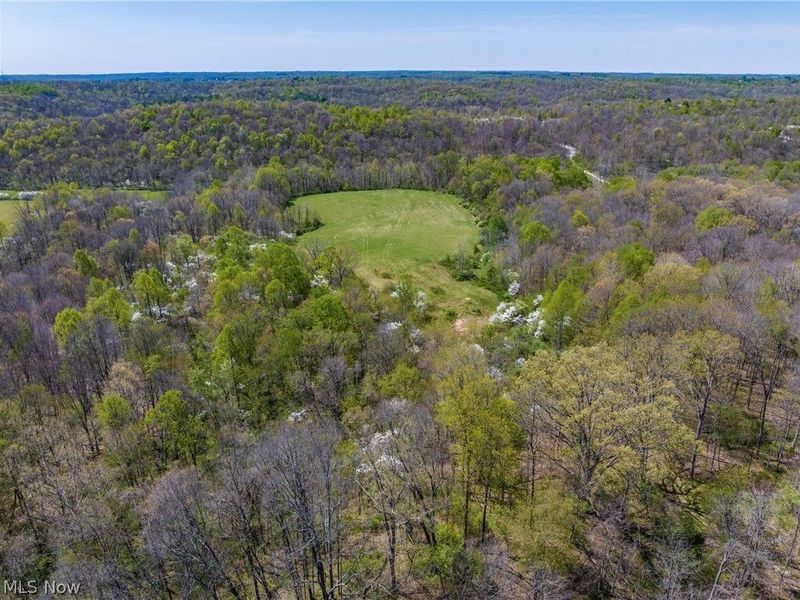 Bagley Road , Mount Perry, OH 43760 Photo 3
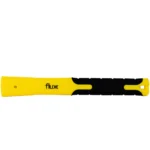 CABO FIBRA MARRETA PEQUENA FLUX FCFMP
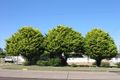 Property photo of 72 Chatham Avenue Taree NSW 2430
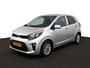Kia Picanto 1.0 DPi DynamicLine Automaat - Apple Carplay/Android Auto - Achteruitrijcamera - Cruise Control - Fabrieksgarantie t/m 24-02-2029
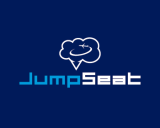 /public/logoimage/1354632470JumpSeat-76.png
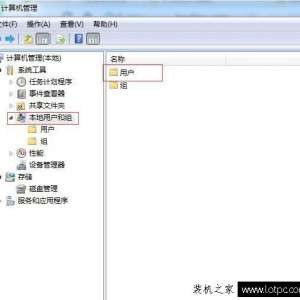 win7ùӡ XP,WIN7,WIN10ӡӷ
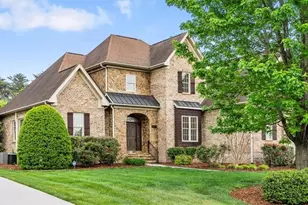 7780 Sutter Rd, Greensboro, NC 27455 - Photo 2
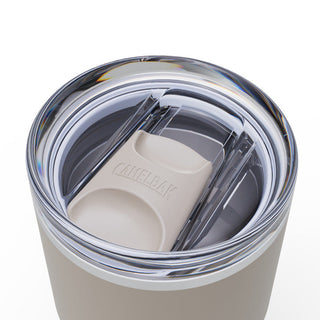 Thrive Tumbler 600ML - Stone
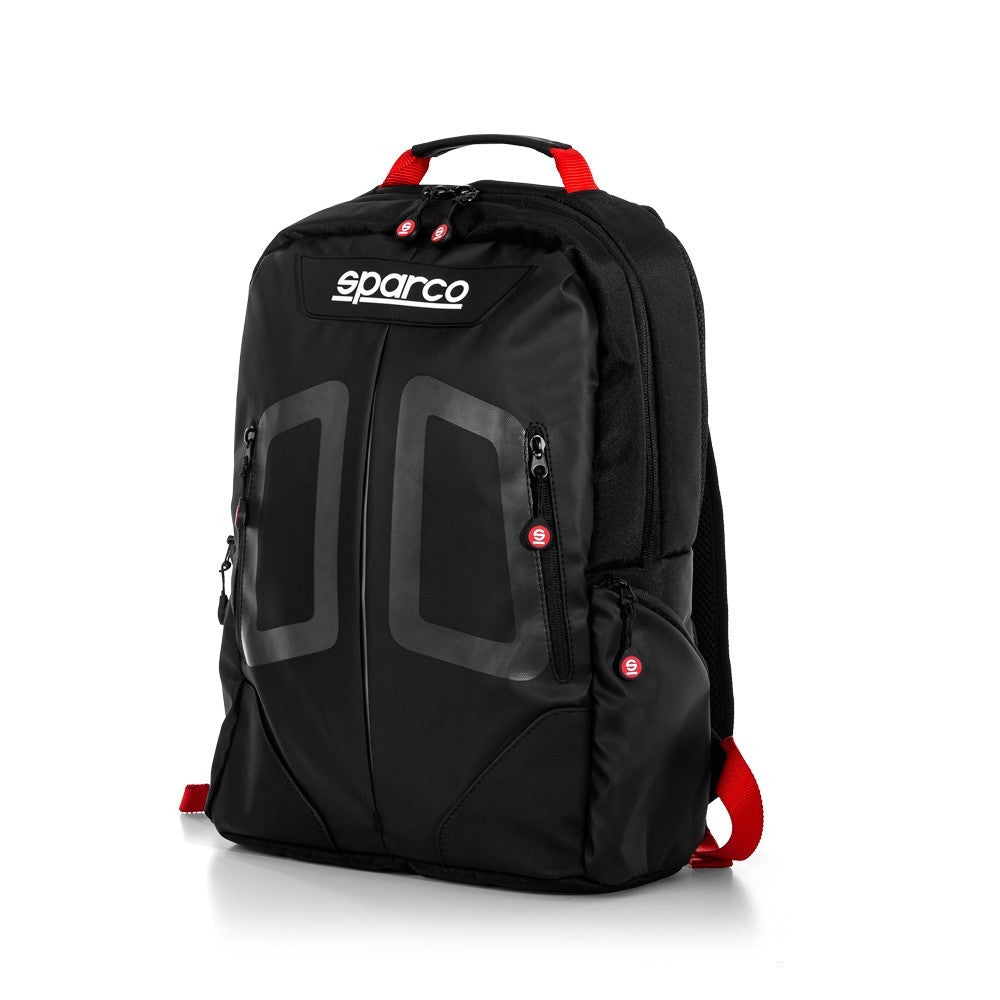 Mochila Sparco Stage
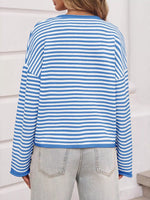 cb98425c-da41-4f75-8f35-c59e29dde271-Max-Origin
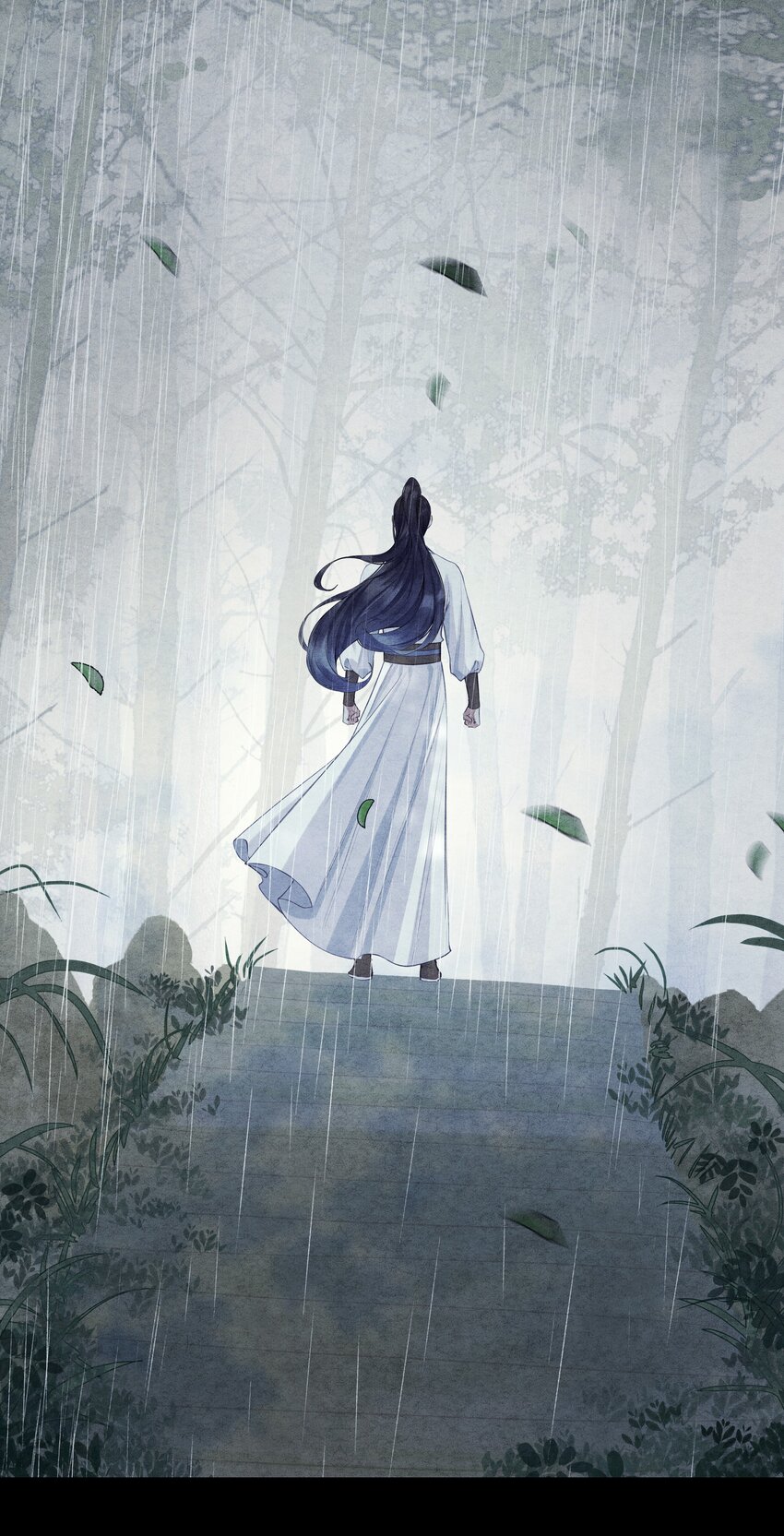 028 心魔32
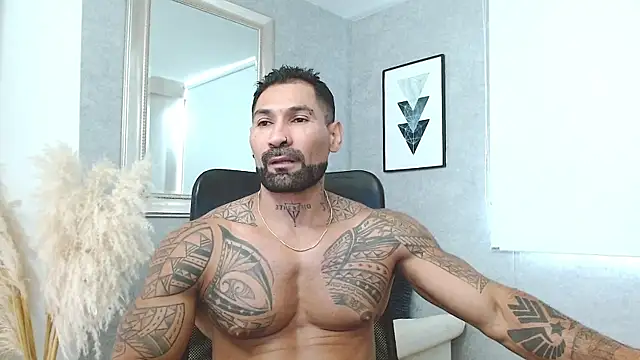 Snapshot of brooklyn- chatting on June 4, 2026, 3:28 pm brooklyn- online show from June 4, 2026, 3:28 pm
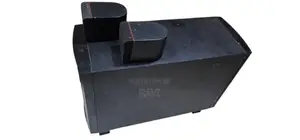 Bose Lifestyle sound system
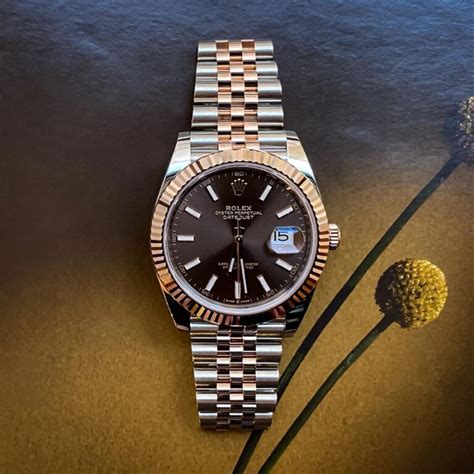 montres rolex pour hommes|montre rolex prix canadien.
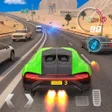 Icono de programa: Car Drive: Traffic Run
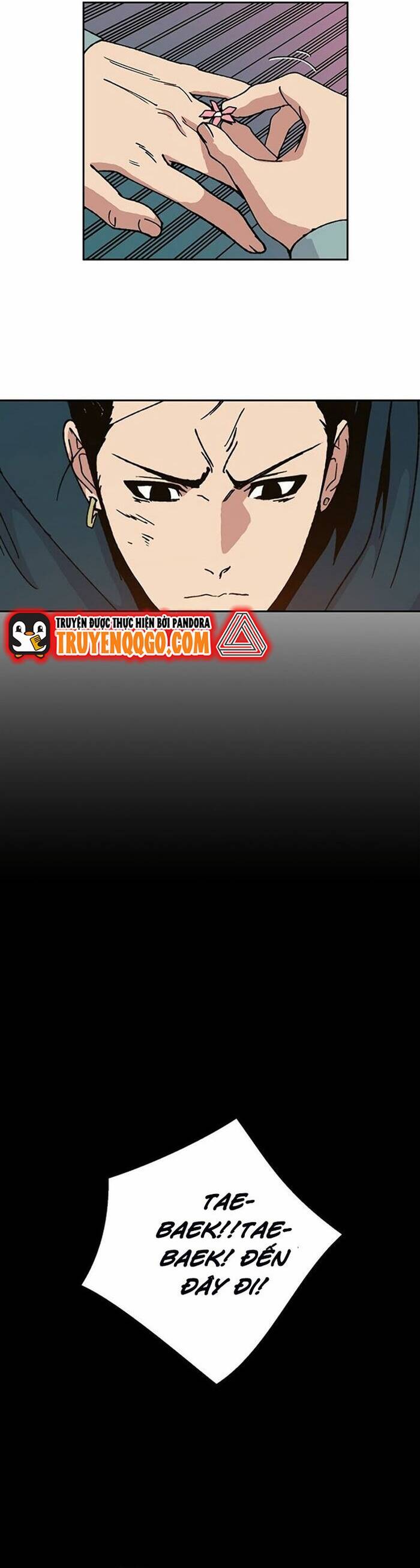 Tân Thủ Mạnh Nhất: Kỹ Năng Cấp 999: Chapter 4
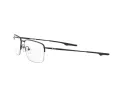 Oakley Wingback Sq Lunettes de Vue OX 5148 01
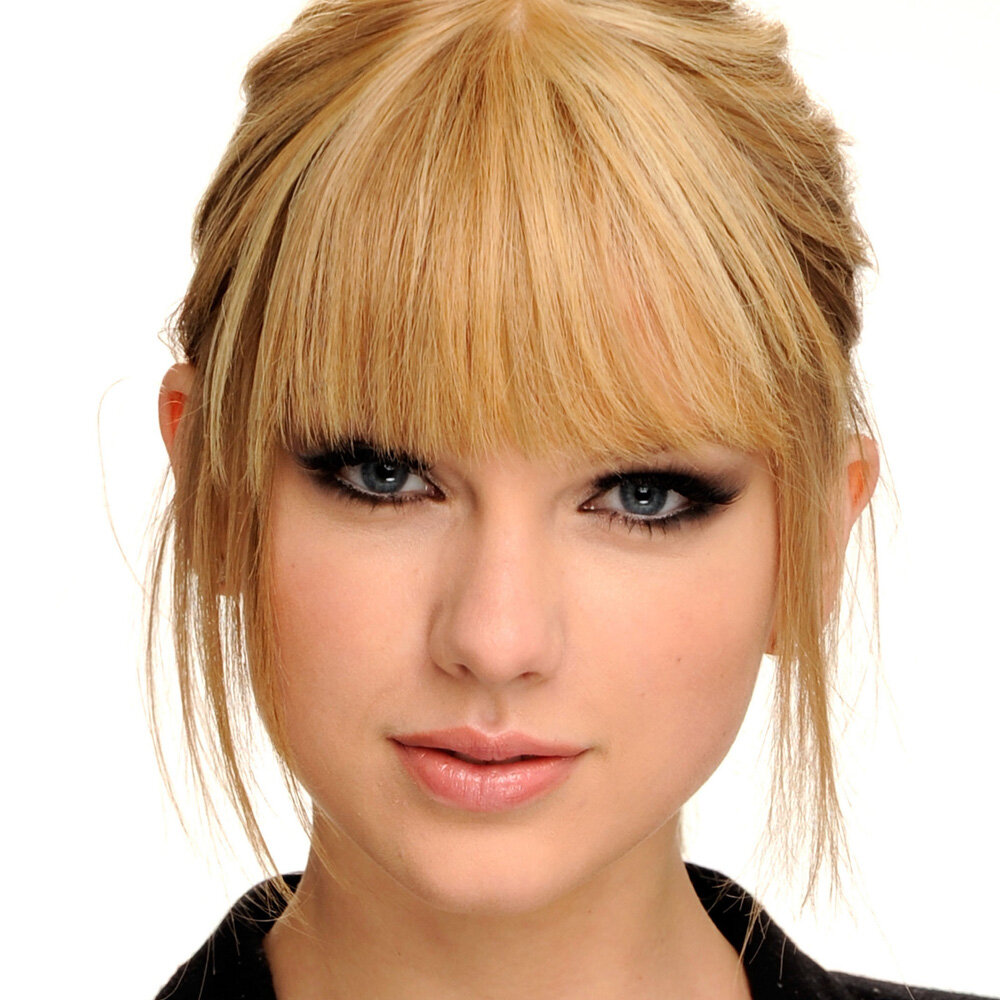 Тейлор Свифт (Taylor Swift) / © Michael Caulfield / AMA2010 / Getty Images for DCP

+ + + + +

The copy must begin with the line containing "Kia Picanto 1.0", end with the last line of the material, match each line exactly, and hold no pictures.

Answer for this exercise:
Kia Picanto 1.0 DPi DynamicLine Automaat - Apple Carplay/Android Auto - Achteruitrijcamera - Cruise Control - Fabrieksgarantie t/m 24-02-2029
 /public/logoimage/1354632470JumpSeat-76.png
 win7ùӡ XP,WIN7,WIN10ӡӷ
 7780 Sutter Rd, Greensboro, NC 27455 - Photo 2
 Thrive Tumbler 600ML - Stone
 Mochila Sparco Stage
 cb98425c-da41-4f75-8f35-c59e29dde271-Max-Origin
 028 心魔32
 Snapshot of brooklyn- chatting on June 4, 2026, 3:28 pm brooklyn- online show from June 4, 2026, 3:28 pm
 Bose Lifestyle sound system
 montres rolex pour hommes|montre rolex prix canadien.
 Icono de programa: Car Drive: Traffic Run
 Tân Thủ Mạnh Nhất: Kỹ Năng Cấp 999: Chapter 4
 Oakley Wingback Sq Lunettes de Vue OX 5148 01
 Тейлор Свифт (Taylor Swift) / © Michael Caulfield / AMA2010 / Getty Images for DCP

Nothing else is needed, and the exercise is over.